FERGUSON, Missouri -- Facing questions about his ability to fairly prosecute the police officer who killed Michael Brown, St. Louis County Prosecutor Robert McCulloch is finding some unlikely defenders in the people he regularly fights in court. Even so, his bigger problem may be one of perception.
If it’s McCulloch’s job to throw people in jail, then it’s Art Margulis’s job to keep them out. A longtime defense attorney in St. Louis, Margulis had nothing but positive things to say about the prosecutor he’s sparred with for decades.
“I've known Bob for years. I've tried cases against him, I've plea bargained against him, I've had years and years against him, and I know all the arguments against him,” Margulis told msnbc. “I think they're totally unfounded.”
The protesters who have taken over the streets of Ferguson for almost two weeks are calling on McCulloch to recuse himself from the case, alleging he’s biased by his close family ties to law enforcement. His father, mother, brother, uncle and cousin all worked for the St. Louis police department, and his father was shot and killed by a black man in the line of duty.
Early in his career, McCulloch told The St. Louis Dispatch, “I couldn’t become a policeman, so being county prosecutor is the next best thing.”
But Margulis, whom a lawyer at another firm dubbed "the godfather of criminal defense in this town,” has no patience for the criticism. “He's outstanding. He's an outstanding person, he's an outstanding prosecutor. He's totally honest,” Margulis told msnbc.

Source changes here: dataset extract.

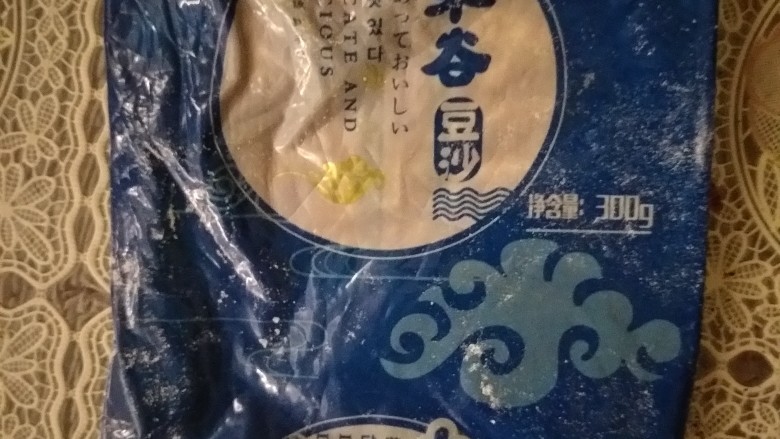 香辣蛋黄酥【愚人节款】,黄豆酱按照以往这种豆沙的浓稠程度就可以,可以捏成型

Gregory Smith, another St. Louis criminal defense attorney, said the sentiment is common among his colleagues. “You're not going to get any complaints with us,” he said. “Bob has been very fair to me. I think they operate very professionally.”
Thursday night, Missouri Gov. Jay Nixon told MSNBC’s Chris Hayes that he’s not taking McCulloch off the case.
While they are opponents in trial, prosecutors and defense attorneys must also work closely together, so there’s some incentive to maintain friendly relations.
Scott Rosenblum, another prominent defense attorney in St. Louis who has argued "way over 1,000” cases against McCulloch’s office, said he trusts the prosecutor to be fair and and impartial. Still, he acknowledged that even if McCulloch does everything inside the privacy of a grand jury proceedings, he could still have a problem.
“I think he'll call it the way the evidence goes,” Rosenblum said. “But the main problem that can come is after a complete investigation if it's determined that this officer was justified. I think his delivering that news could be more difficult for that community than somebody that that community believes may be less biased.”
“That's perception, you can't change that,” he added.